That kind of happened to me, but in a more normal way. It was an algebra 1 test, and had normal algebra 1 stuff. It told you to read directions carefully, and one of the questions said at the end to draw a smiley face. Not many people did it. I got a bit of extra credit.
I'm glad that reading "also" isn't part of the instructions
I drew a square in the center and added a “not to scale” warning
Bruh!! 💀
Born to be an engineer.
stolen
@@kray3883I'm a software engineer and it was exactly what I was thinking - just without the "not to scale" warning.
I thought "Make a square inside of it. But then I would have to calculate the proportions... I can't be bothered. Oh yeah the diagonals, simple"

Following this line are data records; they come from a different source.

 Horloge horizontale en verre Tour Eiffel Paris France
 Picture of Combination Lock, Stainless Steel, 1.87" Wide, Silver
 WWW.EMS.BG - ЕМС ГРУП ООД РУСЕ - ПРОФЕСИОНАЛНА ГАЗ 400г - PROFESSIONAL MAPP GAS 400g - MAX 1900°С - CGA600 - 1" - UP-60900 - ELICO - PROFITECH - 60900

The fact that so many adults have trouble with this type of creative problem solving is exactly why we should be giving these types of problems to our children.

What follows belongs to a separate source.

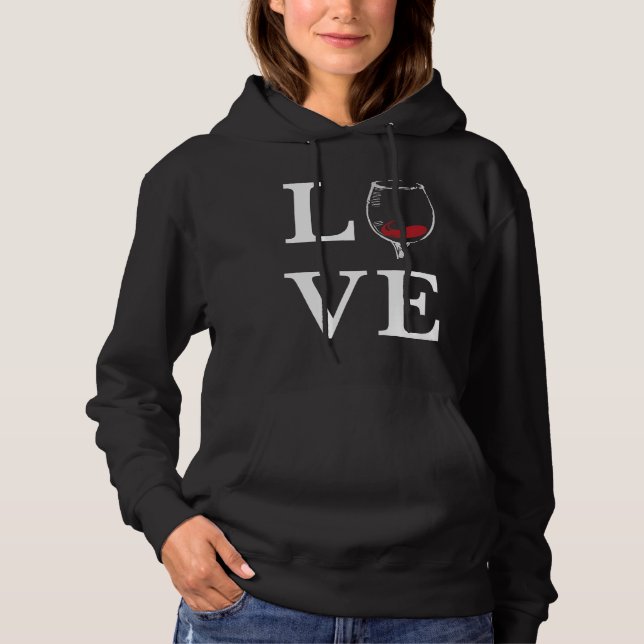 Liebe Wein 11 Hoodie (Vorderseite)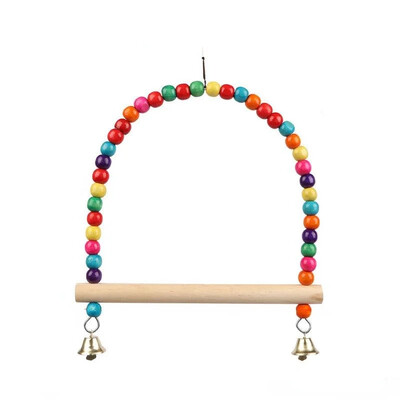 Igračka za kućne ljubimce Igračke za ljuljačku za ptice Parrot Drveni stalak za ljuljačku Igračka za papige Igračka za ptice Potrepštine za kućne ljubimce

to be fair, to really PROVE this solution is valid, you need geometry level education (pythagorean theorem, 45-45-90 triangles, and others more based on how rigorous you wanna be with the proofs), which i dont think 4th graders have
@@henry_3300You don't, if you draw a diagonal inside a square it's pretty damn obvious it's cutting it in half. Kindergartners can see that
Of course you need higher education to prove it right, but that's not what the question is asking
@@nullieee Exactly!
@@nullieee i did say prove, so. doesnt matter if intuition says so, because intuition isnt enough in proofs.
@@henry_3300 Here's your super advanced proof then:
Assume a square of side length 1
Cut it in its diagonal
This will generate two congruent right triangles with sides 1 and hypotenuse √2
By that, it's correct to say both have equal areas as the triangles are equal
I solved it almost immediately. I also failed every single math class I’ve ever taken and I only did 2 yrs of High School. This just proves to me that all that extra math you did would just slow me down 😅
elementary be enough
No normal person would go through those calculations to solve this, it's primarily just a logic problem.

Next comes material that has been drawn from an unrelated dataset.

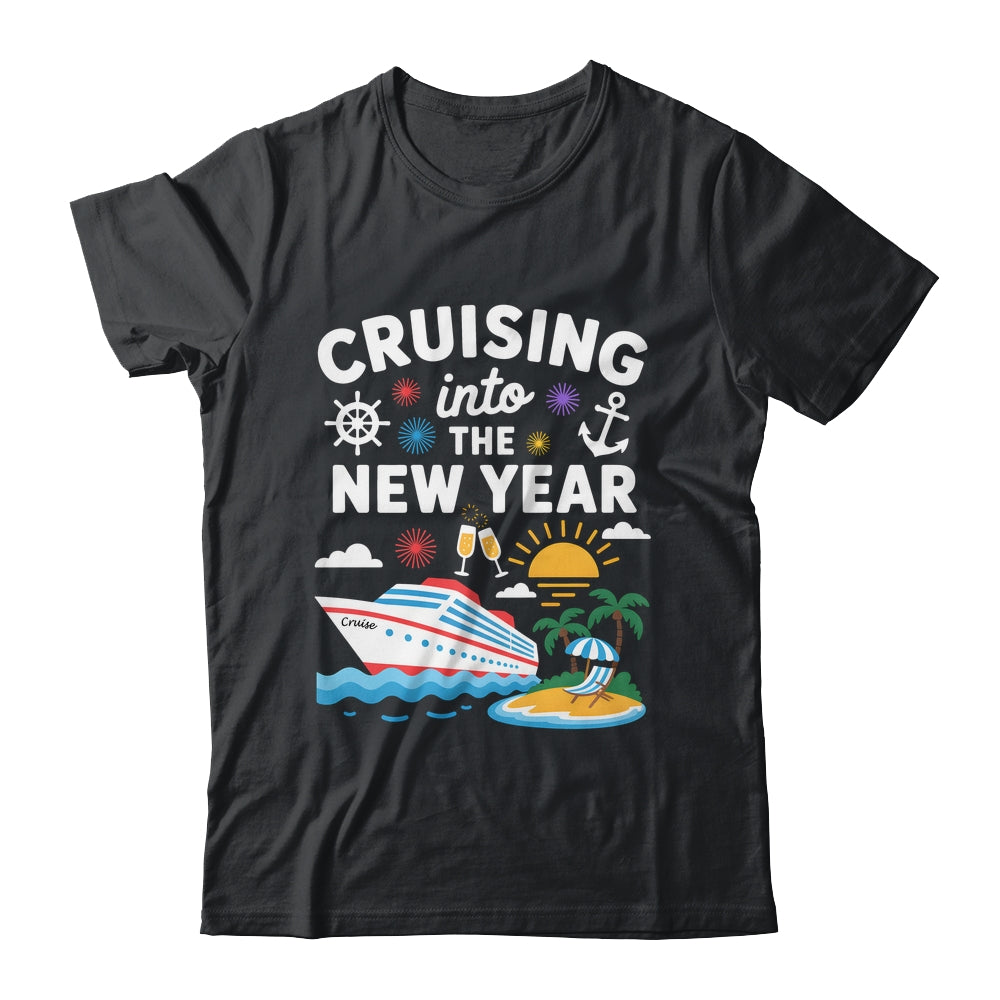 Cruising Into New Year 2026 Match Family Vacation Cruise Shirt & Hoodie | siriusteestore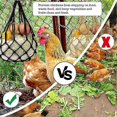 thumbnail image 3 of Chicken Feeder, 2pcs Hanging Net Bag For Chickens, Automatic Chicken Feeder, Hanging Feeder Food Skewer, Anti-waste Net Bag For Fruits And Vegetables, 3 of 5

He lost me with the extra math.
The phrasing of the question is the confusion -- most readers would take the "also" to refer back to the shaded portion (also being a square).
Maybe. But that would be a poor assumption. We humans do that quite often.
I don't think that's the confusion, I think it's the fact that people assume they have to make it symmetrical, while also making it a non-rotated square
I understood it to mean that the unshaded portion should be a square, half the size of the full square. The division into four smaller squares is only there to help me visually gauge the size of 'one half'.
The question did state half which means 50% of that must be shaded no more no less and that each portion must be a square the thing people are getting confused on is the fact that they look at the whole thing and assume that it is a big square which it is not it is for individual squares which means the simple answer is just to shade two squares which means you're left with a square two but still a square it did not say that you cannot have two it did insinuate that they're at least must be one. Such a simple problem it's just people inject information about the problem that isn't present and that isn't needed like it being a big square and that if you shade half you're left with a rectangle which you are not because they are two individual squares.
@@grimmspectrum1547 no, that's not a plausible interpretation. The entire unshaded part has to be "a" square (a as in one).
"Yes. Next question."
It's actually quite easy if you think about it for a moment.
That lady should give up her PhD.
@@shauryaaher1579 I figured it out quickly then saw this video is over 9 minutes long, so I left this comment then left the video.
“No” is also an answer, “No, next question!”
@@martinconnelly1473dang ur smart
The tilted square was also my first solution.
Other solutions are more difficult to "construct".
But with compass and ruler, it is possible.
My first was a square in direct center with same orientation as largest square. It's where my mind went first. Nice!
@@MrChrisRP My guess was that as well, but I say "guess" because I don't know exactly where to put the sides of the smaller square. (If you mean the one at 5:22).
I would GUESS the sides go 1/3 of the way from the big square's edges to its center, but that's a total guess. Idk enough geometry for that.
All the other solutions are approximations, because the length of the sides is an irrational number. The first solution is precise.
I started to think that if I wanted an uprigth square, then if one square is 1x1, then the large square's area is 4, then half of it is 2, so the sides of the half is sqrt2, and that is side to diagonal ratio of a square and then the tilted square hit me. You just diagonally cut the corners, and those would make up two squares, so the middle is a half sized square. Maybe this was the aim of the problem. But it did take me five minutes
@frankmerrill2366 Exactly this.
Sure, if the 4th grader actually had the knowledge and the tools to somehow make it geometrically accurate, then it could be valid.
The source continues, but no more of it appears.